_Work required_.
Work out how many lines in the data hold the word "Used", and reply with that number only.

* * *

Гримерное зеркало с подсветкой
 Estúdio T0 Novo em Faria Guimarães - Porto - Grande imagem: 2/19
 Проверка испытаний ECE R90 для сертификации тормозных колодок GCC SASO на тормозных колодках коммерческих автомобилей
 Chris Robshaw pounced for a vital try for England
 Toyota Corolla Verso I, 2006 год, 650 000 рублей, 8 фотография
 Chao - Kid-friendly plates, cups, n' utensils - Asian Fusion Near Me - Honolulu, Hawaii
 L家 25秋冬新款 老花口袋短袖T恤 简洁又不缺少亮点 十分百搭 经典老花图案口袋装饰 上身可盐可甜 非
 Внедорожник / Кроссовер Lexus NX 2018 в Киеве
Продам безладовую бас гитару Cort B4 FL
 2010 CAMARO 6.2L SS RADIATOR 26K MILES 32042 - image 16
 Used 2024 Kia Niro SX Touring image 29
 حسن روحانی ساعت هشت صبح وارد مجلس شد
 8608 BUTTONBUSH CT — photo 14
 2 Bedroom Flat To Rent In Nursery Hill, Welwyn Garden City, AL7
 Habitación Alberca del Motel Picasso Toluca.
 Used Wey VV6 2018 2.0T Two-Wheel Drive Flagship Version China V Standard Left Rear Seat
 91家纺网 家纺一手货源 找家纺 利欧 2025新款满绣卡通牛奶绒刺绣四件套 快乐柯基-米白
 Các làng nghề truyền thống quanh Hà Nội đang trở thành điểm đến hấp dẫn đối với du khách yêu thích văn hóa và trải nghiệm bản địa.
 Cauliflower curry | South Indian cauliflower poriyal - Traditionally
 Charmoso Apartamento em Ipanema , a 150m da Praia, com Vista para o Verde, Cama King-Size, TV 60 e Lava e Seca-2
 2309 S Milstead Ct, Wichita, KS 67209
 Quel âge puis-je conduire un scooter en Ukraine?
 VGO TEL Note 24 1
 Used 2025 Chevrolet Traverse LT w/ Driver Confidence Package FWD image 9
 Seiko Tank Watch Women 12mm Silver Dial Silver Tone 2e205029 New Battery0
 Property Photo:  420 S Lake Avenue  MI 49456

* * *

_Response box_.
3